For Government, in short run the cuts in budget might be a benefit for the Spain Government since now they will have more saving. However, in the long run, if the cuts in budget is unsuccessful in gaining investor confidence, government will experience more economic consequences due to increase in unemployment rate. Government will loss real output (real GDP), loss of tax revenue, increase cost to the government of unemployment benefits and also costs of dealing with social problems will result(Tragakes). For Spain labor force, the cut in budget will bring view disadvantage since now the unemployment has increased, unemployed workers will lost of income and make them worst off, in short run.

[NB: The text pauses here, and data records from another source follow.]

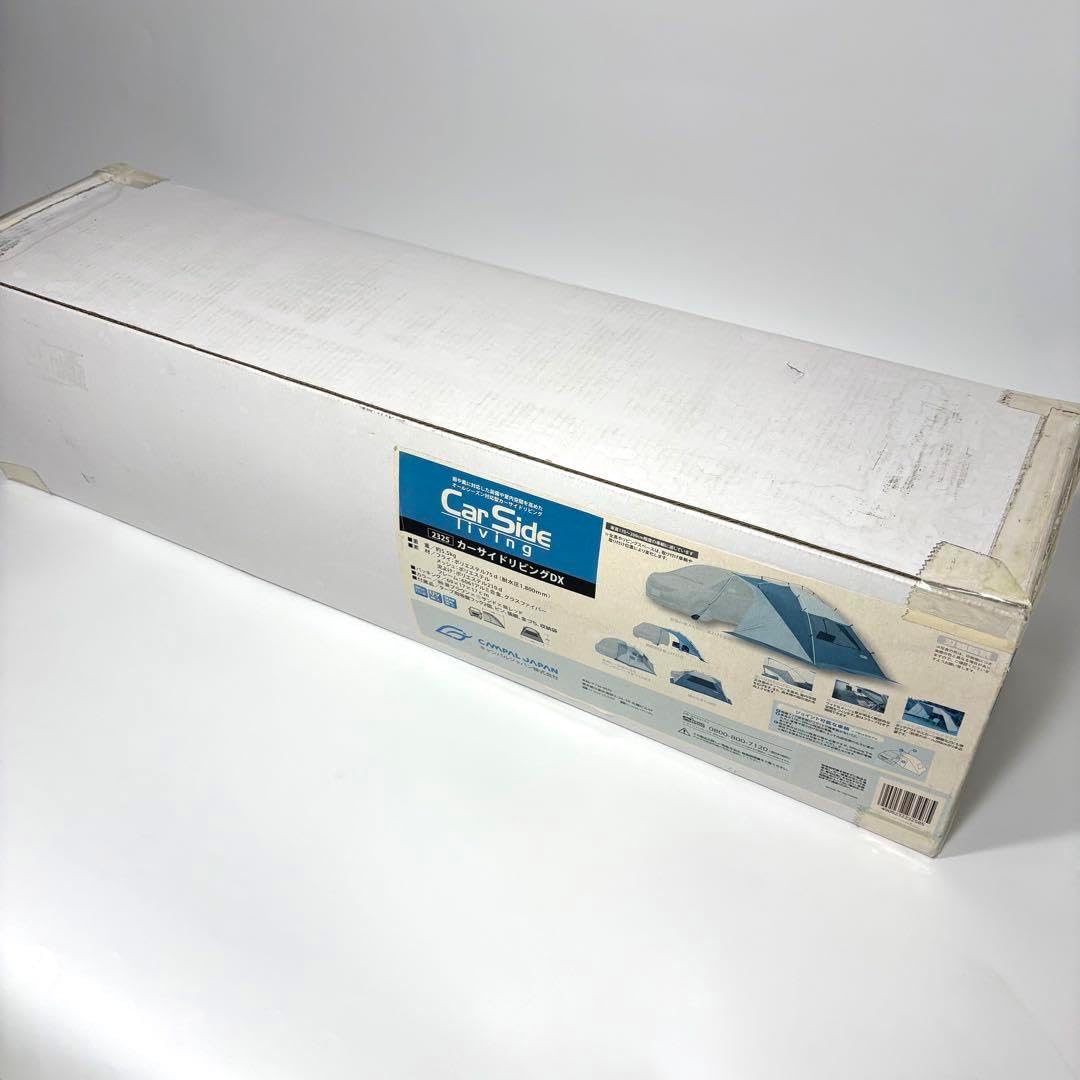 未開封品 ogawa テント カーサイドリビングDX 2325 廃盤品 小川テント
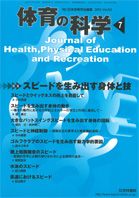 体育の科学 63巻7月号 表紙
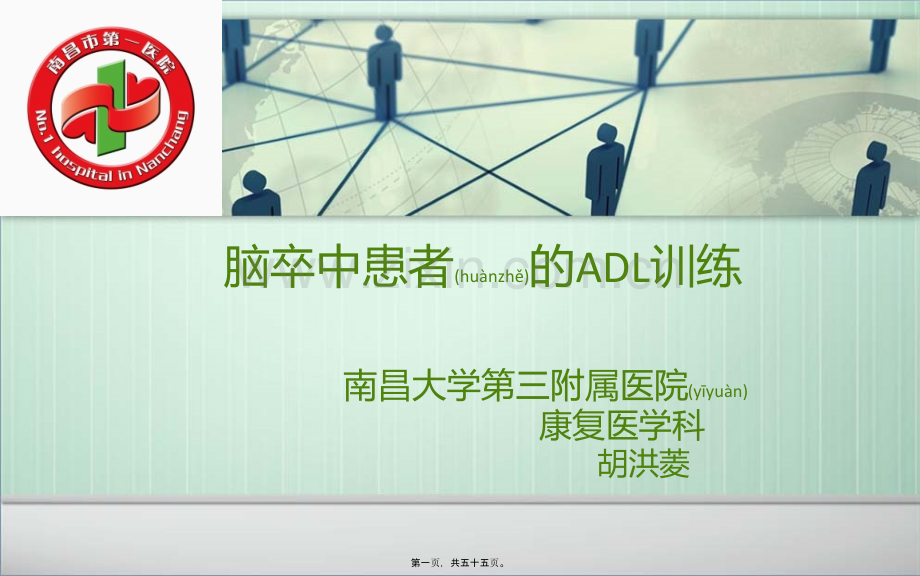 脑卒中患者的ADL训练-胡洪菱.ppt_第1页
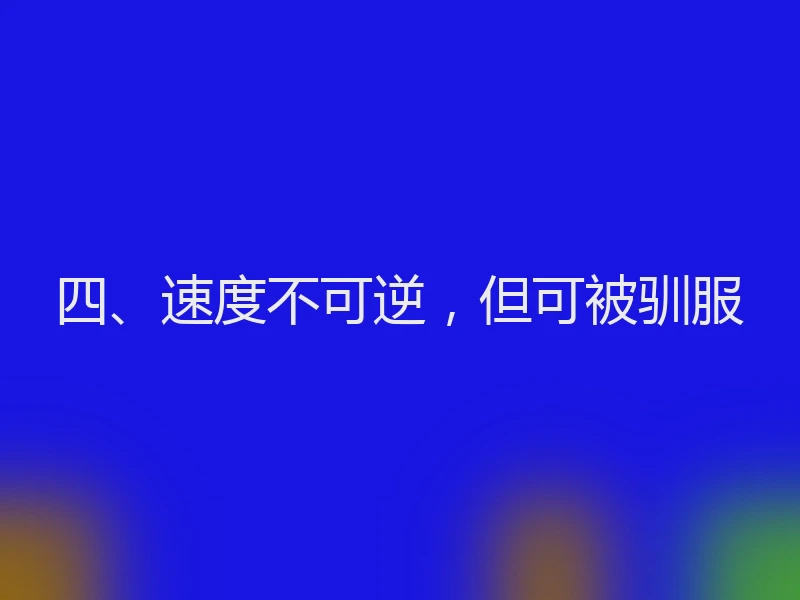 四、速度不可逆，但可被驯服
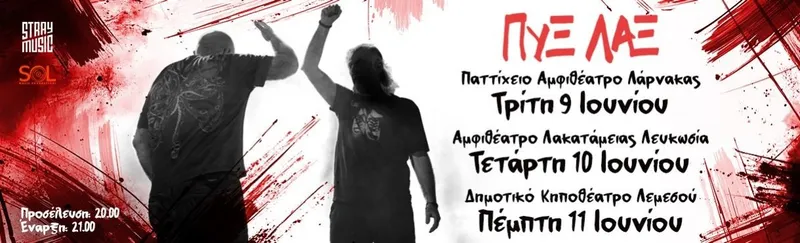 Pyx Lax: Summer Tour in Cyprus 2026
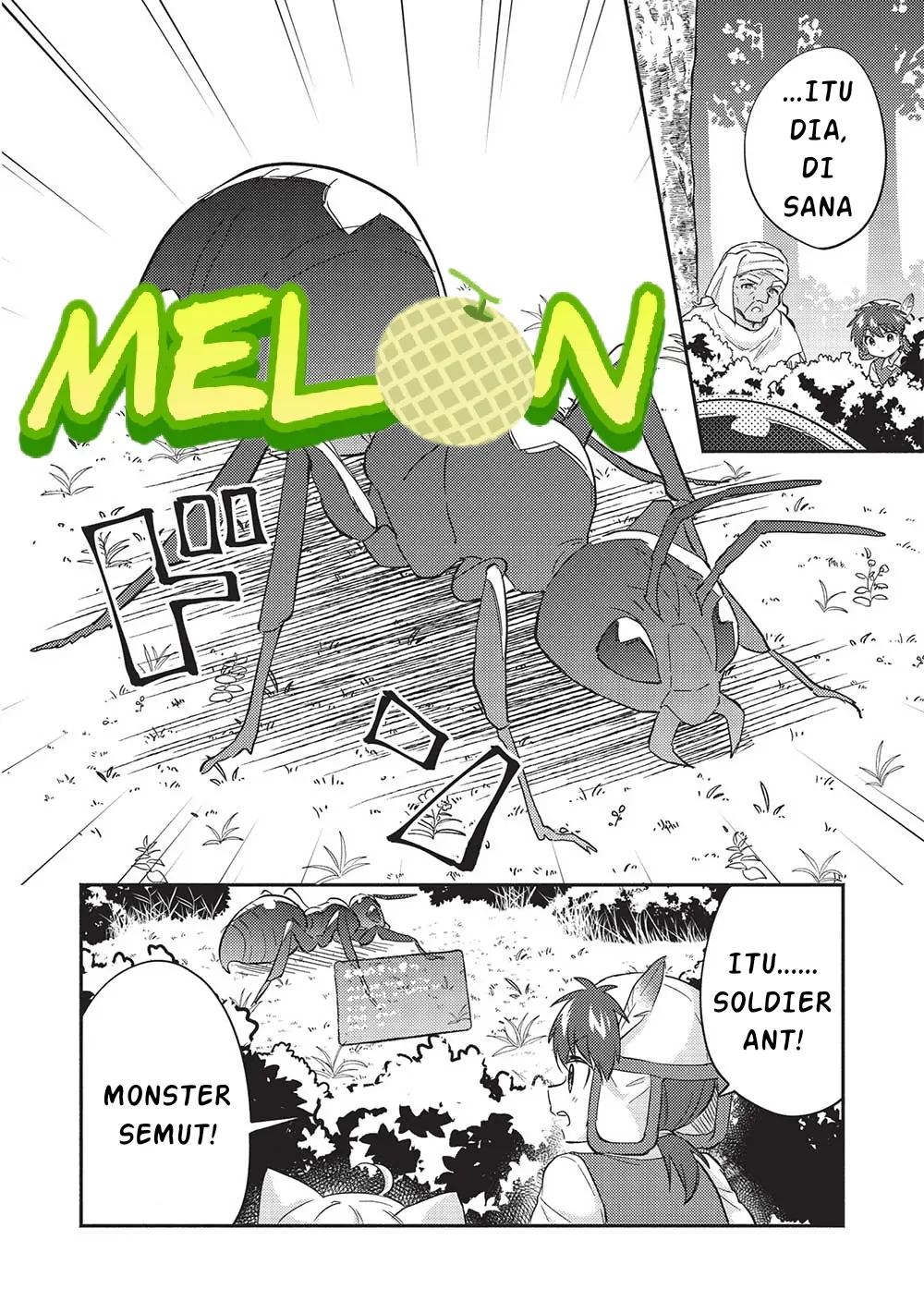 Kojiin Tamer Chapter 31 Gambar 11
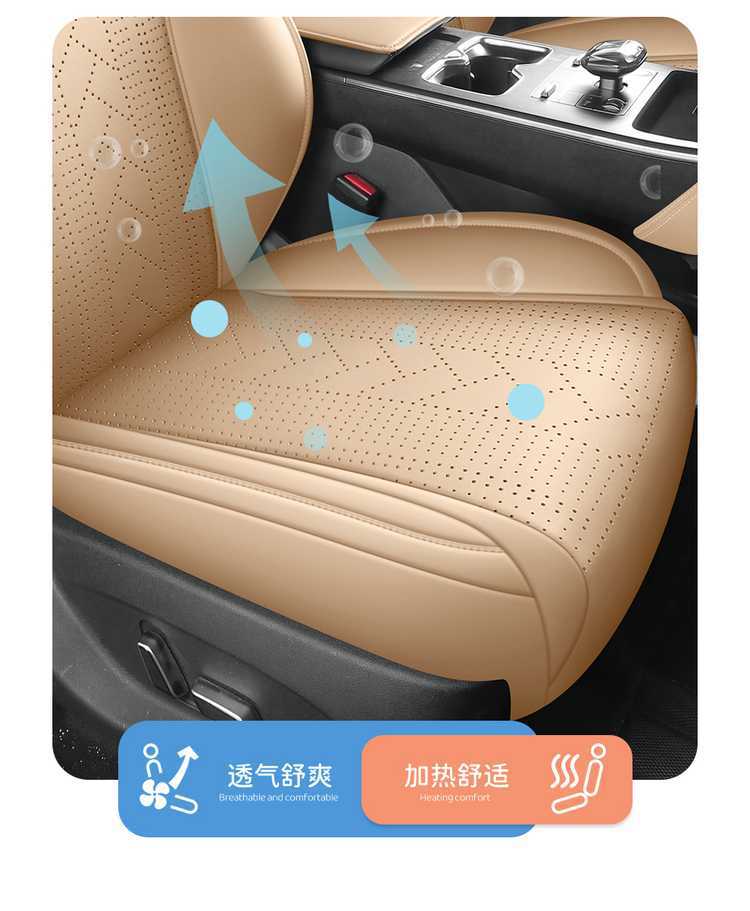Byd Qin L Special Seat Cushion 25 Qin Lev Car Seat Cushion Suede Leather Saddle Pad Four-Season Universal Seat Cover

In long run, if the cutting in budget will successfully gain the investor confidence new jobs field will be made and the unemployment labor force will be able to work again and once again will be able to gain income. However if its unsuccessful, labor force will also experience personal and social consequences, in long run this will leads to greater social problems such as increased crime and violence, drug use and homelessness- (Tragakes). For the EU Economy, in short run the cutting budget had clearly worse off the economy, now Spain is sitting on the third country which is unemployed. In the long run, if cutting in budget will be successful on gain the investor confidence, EU Economy will slightly improve since Spain will increase its Aggregate Demand and lower the unemployment rate. If it’s going to be unsuccessful, undoubtedly EU economy will be worst off and fall into deeper recession. Work Citied: Tragakes, Ellie. “Unemployment.” Economics for the IB Diploma. Cambridge: Cambridge UP, 2009. 265+. Print.